- **What is being asked**: Return exactly these lines and no others: the one containing "Renault Trafic III" and all that follow it to the end of the listing below.

*** Collected data

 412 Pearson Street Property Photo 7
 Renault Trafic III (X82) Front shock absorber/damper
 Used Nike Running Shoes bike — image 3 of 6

******

- **Task answer**:
 Renault Trafic III (X82) Front shock absorber/damper
 Used Nike Running Shoes bike — image 3 of 6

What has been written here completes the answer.